Retrieve, Summarize, Plan: Advancing Multi-hop Question Answering with an Iterative Approach (2407.13101v1)

Published 18 Jul 2024 in cs.CL and cs.AI

Abstract: Multi-hop question answering is a challenging task with distinct industrial relevance, and Retrieval-Augmented Generation (RAG) methods based on LLMs have become a popular approach to tackle this task. Owing to the potential inability to retrieve all necessary information in a single iteration, a series of iterative RAG methods has been recently developed, showing significant performance improvements. However, existing methods still face two critical challenges: context overload resulting from multiple rounds of retrieval, and over-planning and repetitive planning due to the lack of a recorded retrieval trajectory. In this paper, we propose a novel iterative RAG method called ReSP, equipped with a dual-function summarizer. This summarizer compresses information from retrieved documents, targeting both the overarching question and the current sub-question concurrently. Experimental results on the multi-hop question-answering datasets HotpotQA and 2WikiMultihopQA demonstrate that our method significantly outperforms the state-of-the-art, and exhibits excellent robustness concerning context length.

PDF HTML Abstract

Iterative Retrieval-Augmented Generation in Multi-hop Question Answering: The ReSP Approach

The paper "Retrieve, Summarize, Plan: Advancing Multi-hop Question Answering with an Iterative Approach" presents a novel approach to improving multi-hop question answering systems using an iterative Retrieval-Augmented Generation (RAG) framework equipped with specific summarization and planning capabilities. This research addresses significant challenges posed by multi-hop question answering, a task relevant in the field of intelligent assistants and generative search mechanisms.

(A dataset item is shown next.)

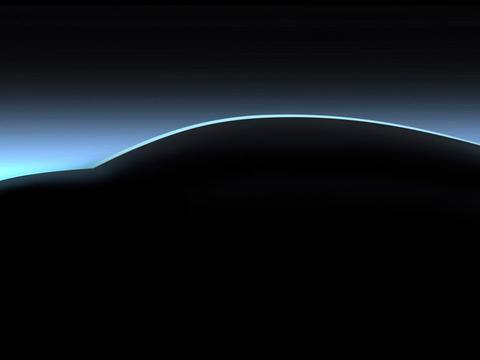 大众发布Trinity最新官图 将搭载L4级自动驾驶辅助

As multi-hop question answering requires the integration of information from multiple sources to navigate through reasoning steps effectively, conventional RAG methods using single iterations often fall short. The paper acknowledges this and proposes the ReSP method, which extends the capacity of iterative RAG by introducing a dual-function summarizer aimed at alleviating the limitations like context overload and redundant planning typically observed in existing methods.

Key Contributions and Methodology

The proposed ReSP (Retrieve, Summarize, Plan) paradigm enhances the multi-hop question answering framework by integrating a novel LLM-based summarizer, which carries out two pivotal roles. The summarizer compresses the retrieved information for both the overarching question and the sub-questions simultaneously, maintaining two distinct memory pathways: the global evidence memory and the local pathway memory. The global evidence memory aids in keeping track of comprehensive supporting information for the main question, thereby preventing over-planning when sufficient information has been accumulated. Meanwhile, the local pathway memory tracks the planning trajectory to prevent repetitive planning.

The modular architecture comprising of a Reasoner, Retriever, Summarizer, and Generator in the ReSP approach allows independent operation of processes, enabling flexible model scaling and efficient task execution. This design accommodates varying execution needs without the explicit requirement for model fine-tuning, thus promoting adaptability in handling information overload and planning redundancy.

Experimental Results

The ReSP model was evaluated on standard benchmarks such as HotpotQA and 2WikiMultihopQA. It demonstrated significant improvements in F1 score, surpassing state-of-the-art methods by 4.1 points on HotpotQA and 5.9 points on 2WikiMultihopQA. These improvements highlight the model's efficacy in managing context length and maintaining robust performance across a variety of retrieval iterations. Moreover, the deployment of different base model sizes in its modules showed that while a larger model for the Generator enhances performance, the Summarizer and Reasoner modules might not benefit from the increased model size, indicating areas for resource-efficient deployment.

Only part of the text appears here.